Australia was left to rue poor putting today as the women’s World Amateur Team Champioship began in Mexico.
On the two-best-scores-count system, Robyn Choi fired a 73, Hannah Green a 74 and Karis Davidson a 75 to leave Australia at a combined three over par after round one at the Mayakoba course on the Caribbean coast.
It left the reigning champs 10 shots behind surprise leader Switzerland which banked rounds of 68 and 69, respectively, by sisters Morgane and Kim Metraux, to lead by one from favourite Korea, which played the nearby Iberostar course.
Australia was tied 11th and will need a bold move tomorrow to keep pace with the Koreans who will switch to play the statistically easier Mayakoba course.

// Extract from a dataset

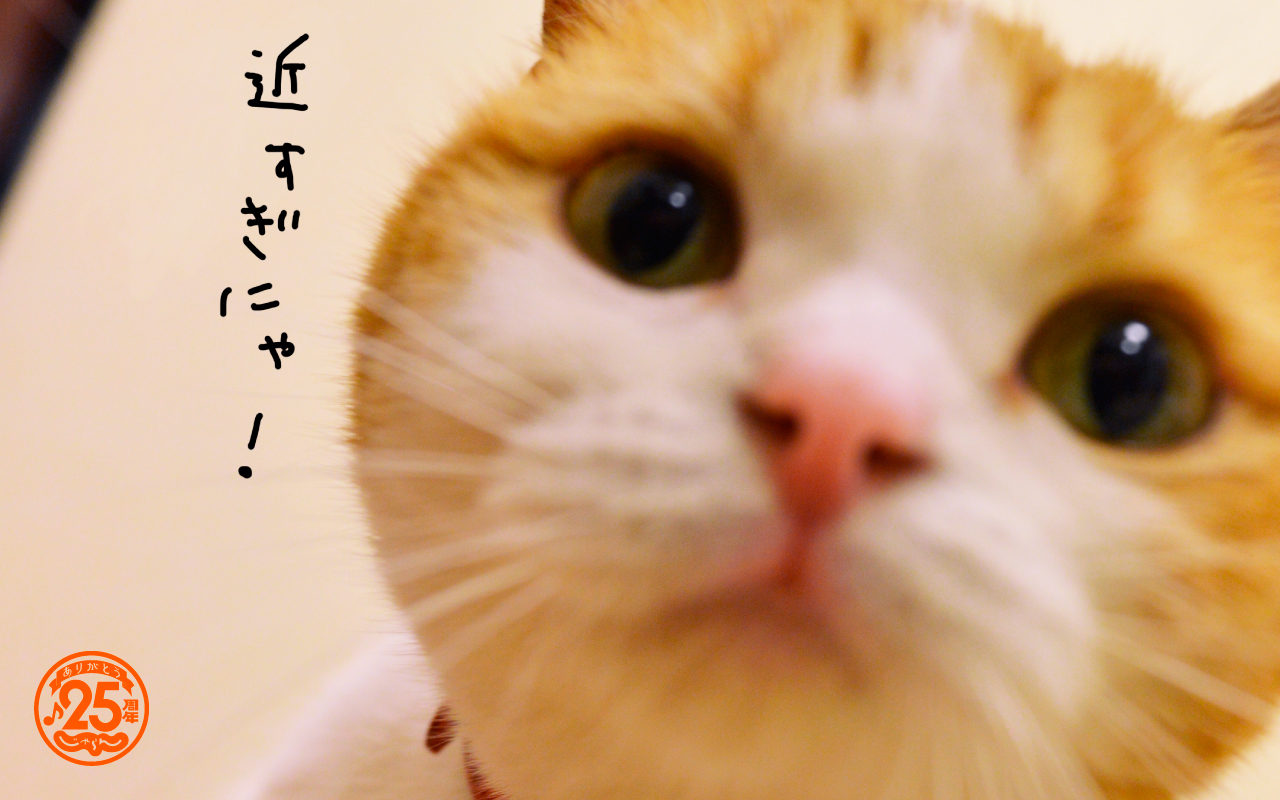 データ フラフープ グリーンバック 猫 可愛い 待ち受け Obihiro Kokyukika Jp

Choi, of Royal Pines on the Gold Coast, was the most impressive of the Australian team, playing consistent golf throughout her round.

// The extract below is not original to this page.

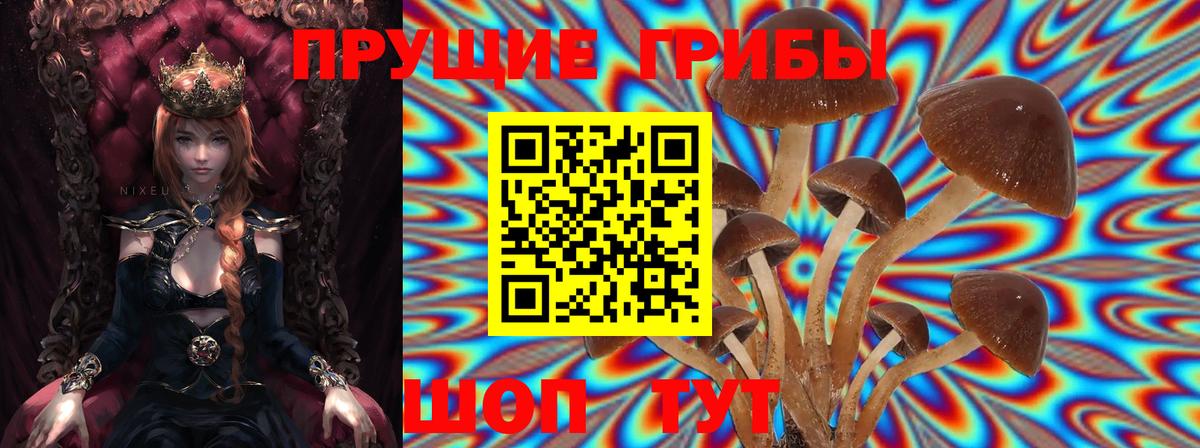 купить  цена  Вход с VPN  Химки  Галлюциногенные грибы ЛСД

“I birdied the first but gave it back on the second with a bogey, but from then on didn’t do a lot either way,” Choi said after her one-over-par round.
“It was pretty boring, actually. I was just trying to hit greens and focus on course management – I was surprised to see I had the leading score for us.”
Australian team manager Matt Cutler said the understated Choi, 21st on the individual standings, continued to impress on the international stage and would improve again as her confidence grew.
“She did a really good job. She was in the top 10 for most of the day and very solid and that was great because conditions weren’t easy,” Cutler said.
He said the team’s performance had no massive highlights, but just lacked the spark needed to push through the tournament’s record field.
“There was nothing horrific, it was just a little ‘leaky’ today,” Cutler said.
“Hannah and Karis just left a lot of shots out there, particularly with the putter.
“Hannah was one under through nine, but doubled the tough par-three 10th and couldn’t get it going again with a couple of three-putts late that were costly.
“Karis struck the ball pretty well, especially early, but probably had three or four missed opportunities because she misjudged her clubbing in the breeze and then couldn’t make up for it on the greens, either.”
“But the fact we’re still in it at three over shows you how tough it was and given how many shots we left out there, hopefully we can push through a bit tomorrow.”
Choi said the team had discussed plans to “work back into the tournament” tomorrow.
“We were just saying that if we can get back to even par after the second round, we shouldn’t be too far out of things,” she said.
But the day belonged to the Swiss team, led by the sisters Metraux who both attend Florida State University in the United States.
“I actually had a bad nine to start with a double bogey but I made a 90-foot putt for an eagle on the fifth hole, my 14th,” Morgane,19, said. “I just focused and the score just came.
Older sister Kim, 21, posted four birdies and a bogey for her 3-under 69 and was visibly proud of the team’s accomplishment – the equal lowest first-round total in the tournament’s 52-year history.
“It’s always good to see your country’s name,” Kim said. “It’s always good at the top of the leaderboard.”
The Republic of Korea, which won the Espirito Santo Trophy in 2010 and 2012 and previously in 1996, posted a 6-under 138 on 68 from Hyun Kyung Park and a 70 from Hye Jin Choi, who was the low amateur at the 2016 US Women’s Open.
“I didn’t expect to be tied for the lead on the individual leaderboard, but I am very happy,” said the 16-year-old Park. “I am really willing to make history and win the championship as Korea did in 2010 and 2012 because those players have had great success on the LPGA Tour and I want to follow in their footsteps so that other juniors can look up to me the same way I look up to them.”
In third position at 142, five strokes behind Switzerland was Japan. Nasa Hatoaka and Hina Arakaki both shot 1-under 71.
The People’s Republic of China was fourth at 1-under 143, followed by host Mexico in fifth at even-par 144. Thailand was sixth at 145. Tied for seventh at 146 were Austria, Chinese Taipei, Ireland and USA. Australia, Ecuador, England, Italy, New Zealand, Norway and Puerto Rico were tied for 11th at 147.